Benjamin D'Anjou on 21 May 2020
Now I'm quite confused. I wrote your exact code, i.e., I ran the file:
dim=20;
numSteps=1e5;
vec = rand(numSteps,dim);
output = zeros(numSteps,dim);
tColon = timeit(@()funcColon(dim,numSteps,output,vec)) %0.0244 seconds
output = zeros(numSteps,dim);
tLoop = timeit(@()funcLoop(dim,numSteps,output,vec)) %0.0185 seconds
output = cell(numSteps,1);
tCell = timeit(@()funcCell(dim,numSteps,output,vec)) %0.1253 seconds
function output = funcColon(~,numSteps,output,vec)
%FUNCCOLON Function that stores vectors using colon indexing
for k=1:numSteps
output(k,:) = vec(k,:); % Use colon indexing to store the results
end
end
function output = funcLoop(dim,numSteps,output,vec)
%FUNCLOOP Function that stores vectors using a loop
for k=1:numSteps
for j=1:dim
output(k,j) = vec(k,j); % Use a loop to store the results
end
end
end
function output = funcCell(~,numSteps,output,vec)
%FUNCCELL Function that stores vectors using a cell array
for k=1:numSteps
output{k} = vec(k,:); % Store the vector in a cell array
end
end
It's different than before, but the loop is still significantly faster than the colon indexing.

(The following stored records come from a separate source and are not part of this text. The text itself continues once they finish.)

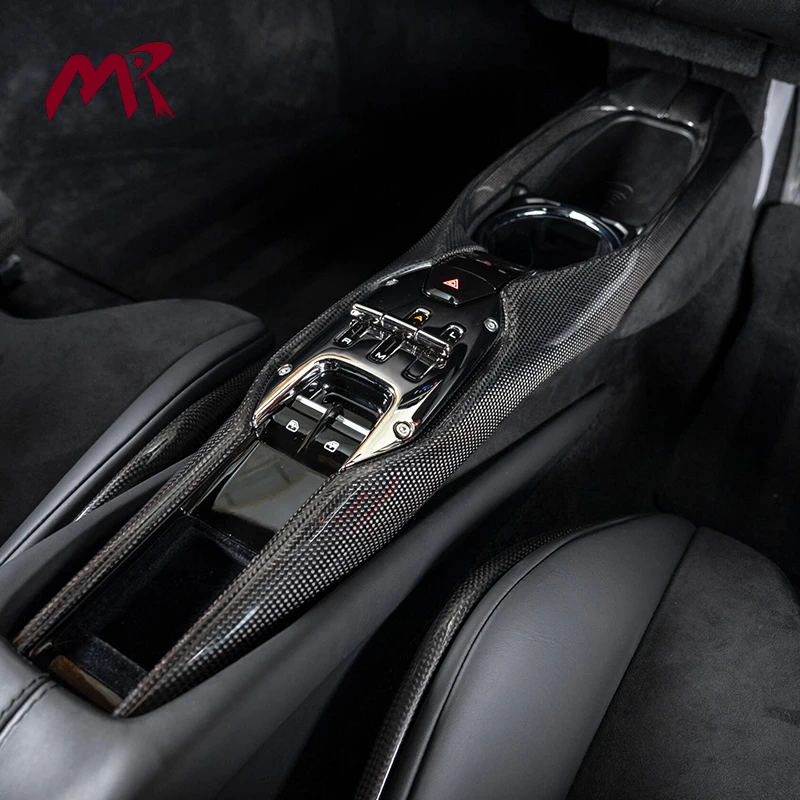 Real Dry Carbon Fiber Car Console Gear Shift Switch Button Panel Decoration Cover Interior Accessories for 296 OEM Style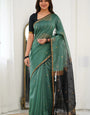 Prominent Sea Green Cotton Silk Saree With Desirable Blouse Piece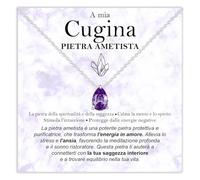 Bramart Collana Cugina Pietra Ametista Regali per lei Idea Regalo per cugine Argento Oro Natale Compleanno Motivazionale - Cofanetto con DEDICA incluso (Pietra Ametista Cugina arg)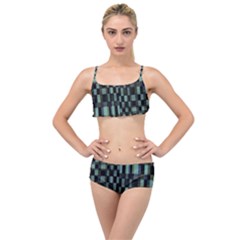 Dark Geometric Pattern Design Layered Top Bikini Set by dflcprintsclothing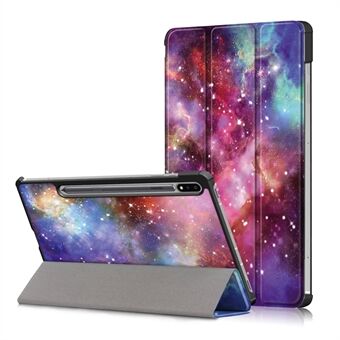 Patroonafdrukken Drievoudige Stand Leren Slimme Hoes voor Samsung Galaxy Tab S7 T870 T875 / Tab S8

In fact, if I use your functions to make the same plot as in my OP this is what I get: Now, the loop is better at low vector dimensions and the cell array is better at high dimensions. There is never a case where the colon indexing is the best solution... I'm a bit at a loss to understand this.

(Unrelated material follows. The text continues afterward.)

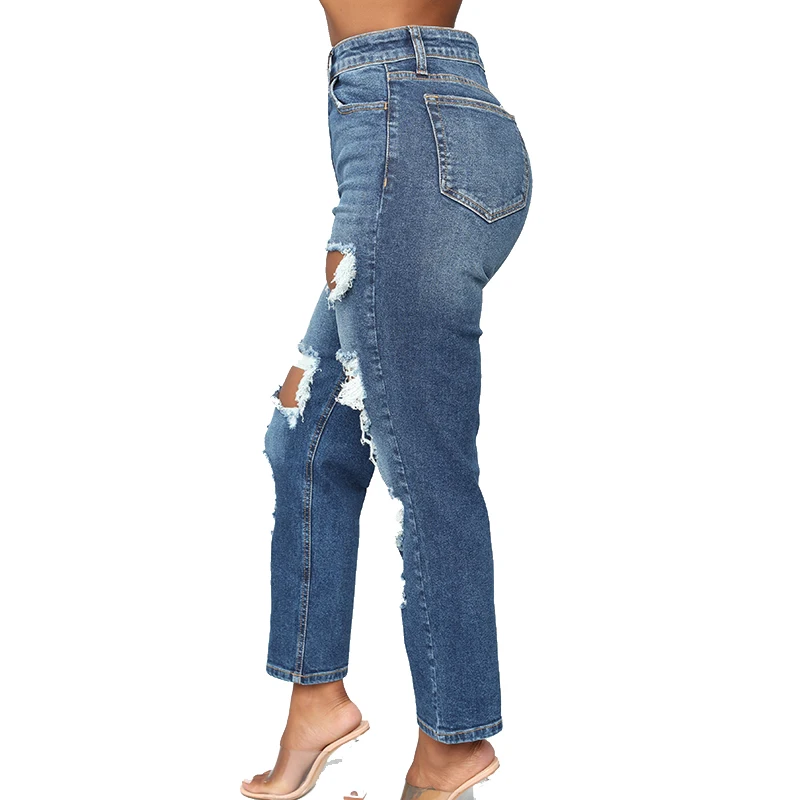 Plug Size High Wise Waist Stretch Jeans Ripped Distressed Women Sexy ...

P.S. The Run & Time feature is a MATLAB widget that breaks down the execution time of each line in the code.
Matt J on 21 May 2020
To really know what's going on you should probably post your latest test code so that we can run it as well. Below are the results from my own test code which I have improved still further to exclude the memory allocation inherent in vec0(k,:). In almost all cases tLoop is slightly poorer than tColon. It is to be expected that tCell gets better and better because, as Stephen pointed out, it requires essentially no data copying. Be mindful however that if you make the variable output is held as a cell array, it may be relatively quick to build, but the memory access time to pull the data out later can be a lot slower, depending on numSteps. Test code:
clear all
Dims=1:5:400;
for i=1:numel(Dims)
dim=Dims(i);
numSteps=3e3;
vec0 = num2cell(rand(numSteps,dim),2);
output = zeros(numSteps,dim);
tColon(i) = timeit(@()funcColon(dim,numSteps,output,vec0));
output = zeros(numSteps,dim);
tLoop(i) = timeit(@()funcLoop(dim,numSteps,output,vec0));
output = cell(numSteps,1);
tCell(i) = timeit(@()funcCell(dim,numSteps,output,vec0));
end
semilogy(Dims,tLoop./tColon,'r', Dims,tCell./tColon,'b');
legend('tLoop / tColon','tCell / tColon')
function output = funcColon(dim,numSteps,output,vec0)
%FUNCCOLON Function that stores vectors using colon indexing
for k=1:numSteps
output(k,:) = vec0{k}; % Use colon indexing to store the results
end
end
function output = funcLoop(dim,numSteps,output,vec0)
%FUNCLOOP Function that stores vectors using a loop
for k=1:numSteps
vec=vec0{k};
for j=1:dim
output(k,j) = vec(j); % Use a loop to store the results
end
end
end
function output = funcCell(dim,numSteps,output,vec0)
%FUNCCELL Function that stores vectors using a cell array
for k=1:numSteps
output{k} = vec0{k}; % Store the vector in a cell array
end
end
Benjamin D'Anjou on 21 May 2020
Thanks. The behavior you observe is similar to the one I observe. I think now I understand better what to prioritize.
I will structure all my data in a 2D matrix and always loop through it column-wise. Then I'll reshape the array in whatever form I need at the end. I think that's probably the safest thing to do since the core of the program is basically a series of loops over the elements of a big array.